What needs to be done =
Can you transcribe the data exactly? Leave the pictures out.

Dataset extract =
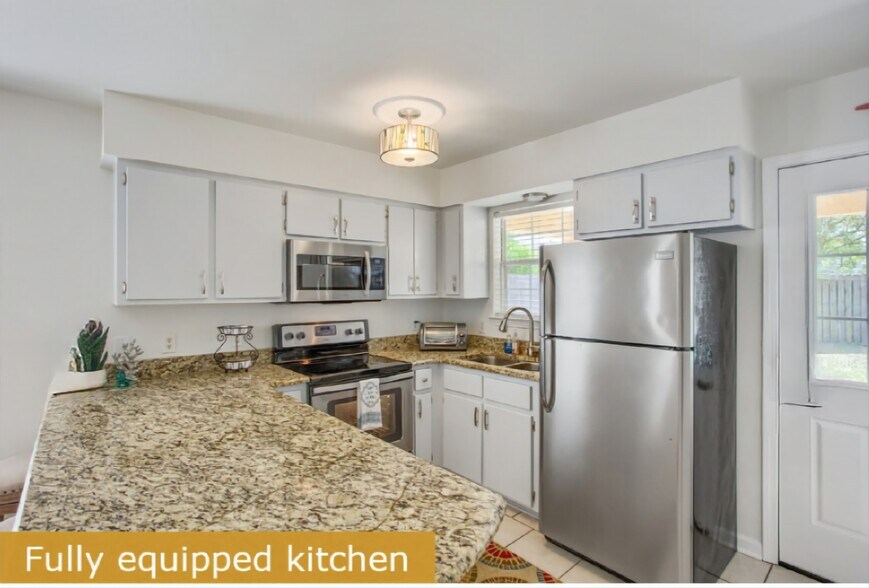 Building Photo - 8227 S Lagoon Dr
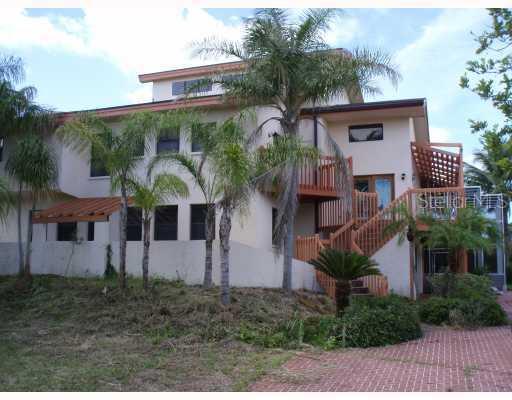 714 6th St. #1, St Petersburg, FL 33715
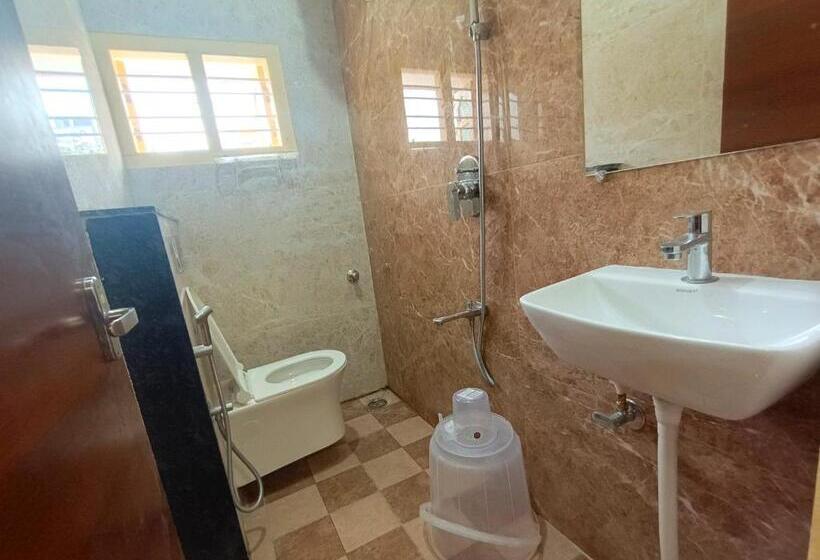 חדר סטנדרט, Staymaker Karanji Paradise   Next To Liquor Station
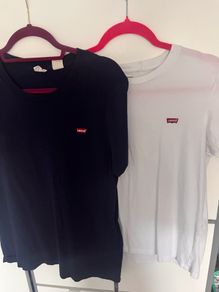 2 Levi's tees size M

Answer section =
 Building Photo - 8227 S Lagoon Dr
 714 6th St. #1, St Petersburg, FL 33715
 חדר סטנדרט, Staymaker Karanji Paradise   Next To Liquor Station
 2 Levi's tees size M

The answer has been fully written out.